Vom Erlangen der Zufriedenheit

(2010)

 

Ich starb als mittelloser Fremder in der Stadt, in der ich Berühmtheit erlangte.

Der Dichter

 

Viele Jahre ließ ich mich verführen von der Leichtigkeit, die mir das Leben schenkte. Geld rann mir wie zu dünn angerührte Farbe durch meine Finger. Ich liebte die Schönheit – vor allem die der Frauen –, ahnte jedoch nicht, was Liebe bedeutete. Liebe. Wahre Liebe. Worte, die aus dem Mund eines Dichters gesprochen wie Honig schmecken müssten. Ich war kein Dichter und leckte die Süße des Honigs nie von meinen Lippen. Meine Leidenschaft galt der Malerei, der ich, mit wachsender Unzufriedenheit, wie der Liebe zu einer Frau verfiel. Lange Jahre ein süßer Ruhm, der am Ende jedoch bitter schmeckte.

 

Als ich am 05. April 1732 das erste Mal die kloakenschwangere Luft von Grasse einatmete, die aus dem Sträßchen de la Font-Neuve durchs Fenster wehte, und meinen Eltern mit einem Schrei meinen Lebenswillen kundgab, galt mein Weg alles andere als vorbestimmt. Die revolutionären Ideen meines Vaters brachten ihn, als ich ein kleiner Bub war, um den guten Ruf, den er sich als Handschuhmacher erarbeitet hatte. Wir flüchteten nach Paris auf der Suche nach Anerkennung und finanzieller Sicherheit, wie ich mit fortschreitendem Alter gewahr wurde. Mit sechs Lenzen interessierten mich weder Geld noch Ruhm, aber das änderte sich.

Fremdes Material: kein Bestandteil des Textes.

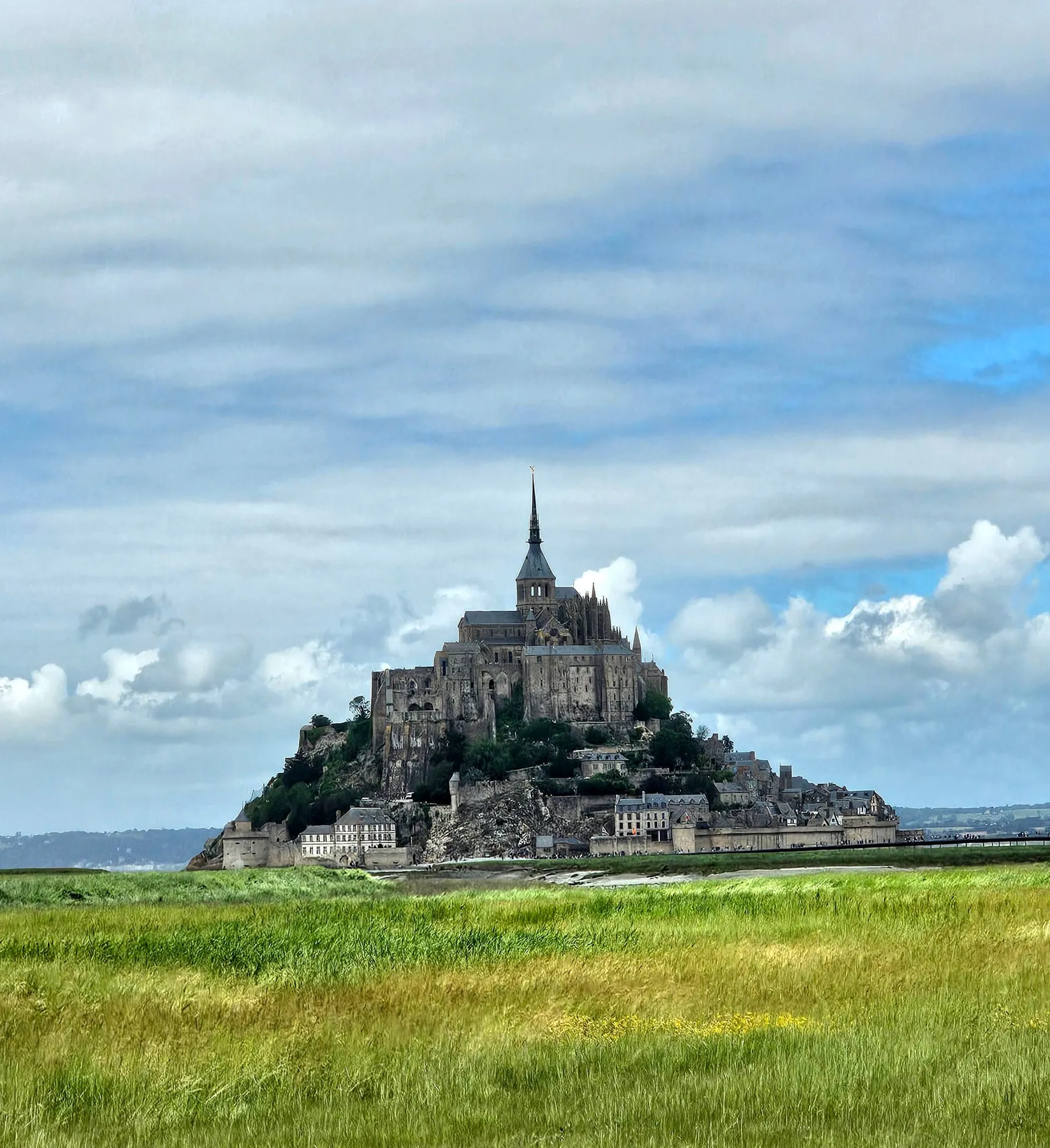 Mont Saint-Michel rising above green fields under a cloudy sky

Als ich alt genug war, weigerte ich mich, bei meinem Onkel, einem Parfumeur in Grasse, der zwischen vielen seines Fachs kaum zu bestehen vermochte, zu arbeiten. Obgleich ich den Wohlgerüchen zugeneigt war, gewann ich der Herstellung der Wässerchen nichts ab.

Lieber jagte ich den jungen Mädchen hinterher, feierte in den Nächten und hoffte am Tage auf Großes, das mir als Talent in die Wiege gebettet worden war. Nicht, dass ich danach suchte oder mit Euphorie daran werkte – an diesem Großen. Ich wartete, malte unbeachtet vor mich hin und ließ mich vom Tag treiben. Ich sprühte vor Energie, wusste sie aber nicht gezielt einzusetzen.

Ein Versuch, mich zu bändigen – mein Vater stellte mich einem Notar vor – schlug fehl. Gesteuert von Größenwahn und Neugier, schritt ich durch die Straßen von Paris.

Die Badenden

 

Ich betätigte mich als Voyeur bei den Badenden Mädchen, wanderte durch den Kleinen Park und die Baumallee entlang.

Der kleine Park

 

Ich tummelte mich am Wasserplatz, beobachtete das heimliche Treffen einer Jungen Frau und ihres gekrönten Liebhabers.

Das Treffen

 

Ich besuchte Schausteller auf dem Jahrmarkt und lauschte den Klängen eines italienischen Gitarrenspielers, der für drei tanzende Mädchen spielte.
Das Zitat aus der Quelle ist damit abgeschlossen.